[[ Source material, beginning ]]

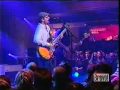 Matt Good / Us Remains Impossible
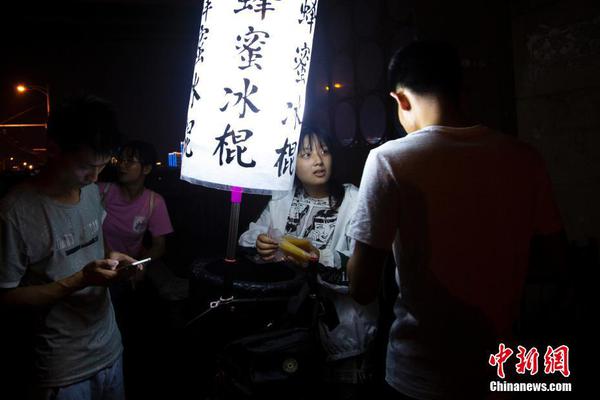 南宁那里有快餐 _ 表演区教案,南宁最适合做快餐的地方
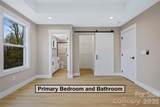 155 Shadowlawn Drive - Photo 33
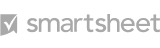 Smartsheet
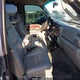 1FTSW21P96EA05661 2006 Ford F-250 Lariat/Xl/Xlt auction photo thumbnail 5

[[ Source material, end ]]

**Your instructions**
What is needed is every line from the one with "南宁那里有快餐 _ 表演区教案,南宁最适合做快餐的地方" to the final line of the listing above, set down exactly and with the pictures left out.

**Solved problem**
 南宁那里有快餐 _ 表演区教案,南宁最适合做快餐的地方
 155 Shadowlawn Drive - Photo 33
 Smartsheet
 1FTSW21P96EA05661 2006 Ford F-250 Lariat/Xl/Xlt auction photo thumbnail 5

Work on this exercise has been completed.